ちひろの絵は、私にとって、心の中に寄せては帰す波のよう・・・。

中学3年のとき。近くのスーパーで、いわさきちひろの複製画が飾られて売っていた。
『母の日』――カーネーションを持っておかあさんの首に抱きついている子どもの絵だった。
そのころの私は、学校生活に精神的に疲れきっていたからか、その絵の温かさが欲しくて、お小遣いでその絵を買った。
以来、いわさきちひろの絵が大好きになり、お小遣いをためては、複製画を集めた。かなりの枚数になった。
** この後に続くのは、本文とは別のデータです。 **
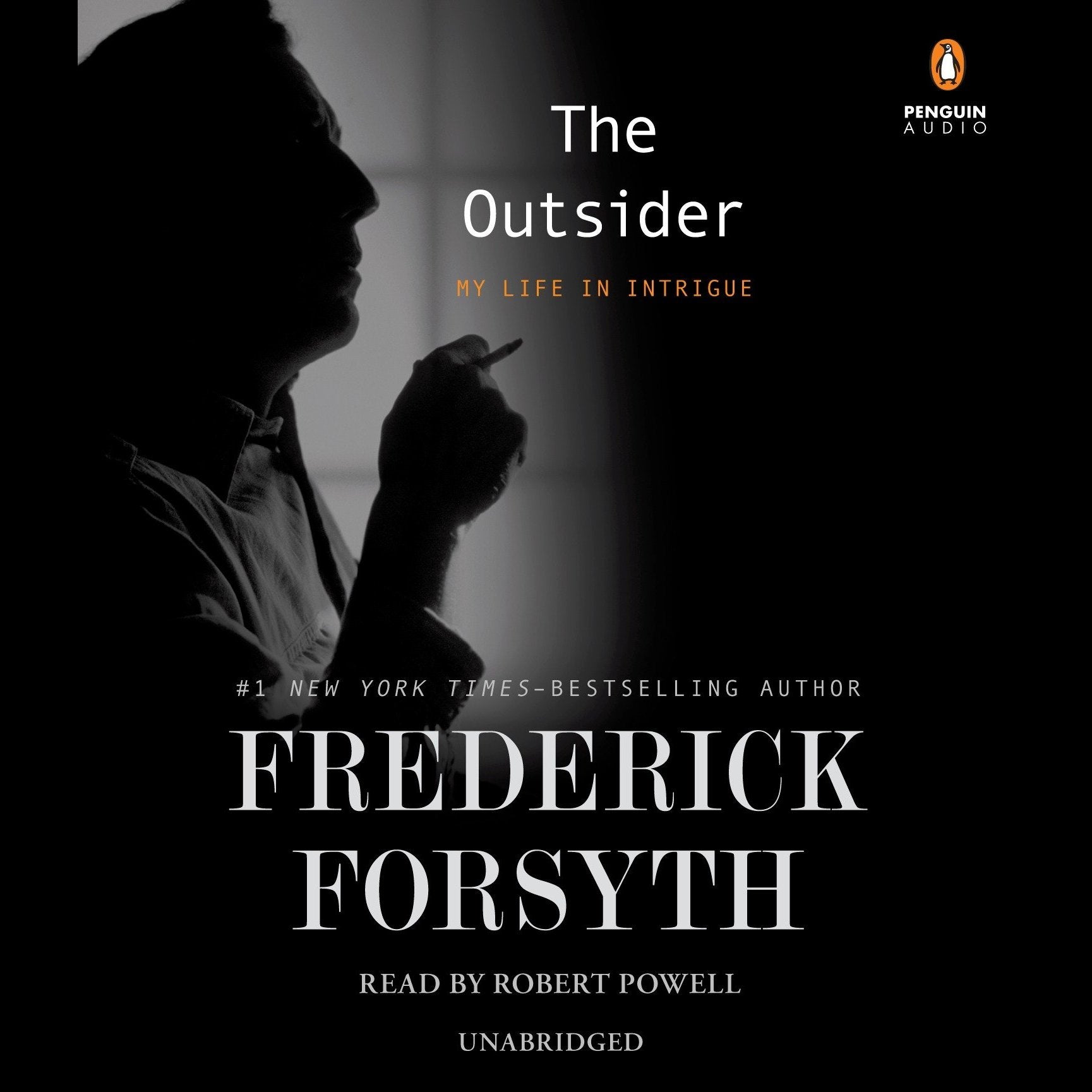 The Outsider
そして、ある日、『子犬と雨の日の子どもたち』--子どもたちが傘をさして犬と戯れる絵を買った。部屋の絵を掛けかえようとはずんで帰った。
しかし家に帰ると、とても悲しい事件が起きていた。
あまりにショックで、その日に買ったちひろの絵は見れなくなってしまった。
その絵だけでなく、ちひろの絵を見るとその日のことが思い出されて、すべてを見ることができなくなってしまった。記憶を封印するかのように、買い集めた絵をすべて箱にしまい、ぐるぐるに紐をかけて、押入れの奥深くにしまってしまった。
もう20年以上前になるのだけど、いまだにその箱は開けていない。

その後、時間の流れとともに、悲しみは小さくなっていったけれど、ちひろの絵をあえて見る気にはなれなかった。
それがあるとき、職場で同僚から「いる?」と「ちひろ美術館」の招待券を目の前にふいに差し出された。
「えっ」と目をそむけたが、チケットには赤いチューリップの横に座る赤ちゃんの絵が印刷されていた。
その絵の赤ちゃんと目が合ってしまったというか、そのときお腹の中に宿っていた生まれ来るわが子の絵のような気がしてしまった。
券を受け取り、机の前に立てかけた。
久しぶりにちひろの絵と向き合った。カーネーションの子の絵を初めて見た時のような、じんわり温かい気持ちが胸に流れた。

産休に入り、東京・練馬のちひろ美術館を訪ねた。
子どもへの優しい眼差しにあふれたちひろの絵と美術館の静かなたたずまいは、仕事に没頭してきた自分に久しぶりにやわらかい気持ちを運んできてくれた。
そして、お腹の子へ思いを馳せて、ピンクのうさぎのぬいぐるみと座る赤ちゃんの小さな絵をミュージアムショップで買った。

そして、タラコが生まれた。
心臓に病気が見つかった。自分を責めて泣き明かした。
そこにちひろの絵があった。ピンクのうさぎと座る赤ちゃんの、ふわふわな幸せ顔が耐えられなかった。
壁から荒々しく外し、ちひろの絵を再び封印した。

その絵を、最近、引き出しの奥から出してみた。
眺めると、タラコの病気が分かって気が狂うほど泣いたことが思い出された。
しかし、ちひろの絵の赤ちゃんは、何の罪もない顔をしている。どうして泣いていたの?って不思議そうに見ているみたい。
タラコは病気のせいで痩せっぽちで、この絵の赤ちゃんみたいにプクプクはしていなかったけど、元気でやんちゃで大きくなったじゃないか・・・・。
罪のないあどけない顔していたのは、この絵の赤ちゃんと変わらなかったな・・・・と。

愛おしくなって、ふたたび壁に掛けた。
こういう気持ちになるのに、3年かかった。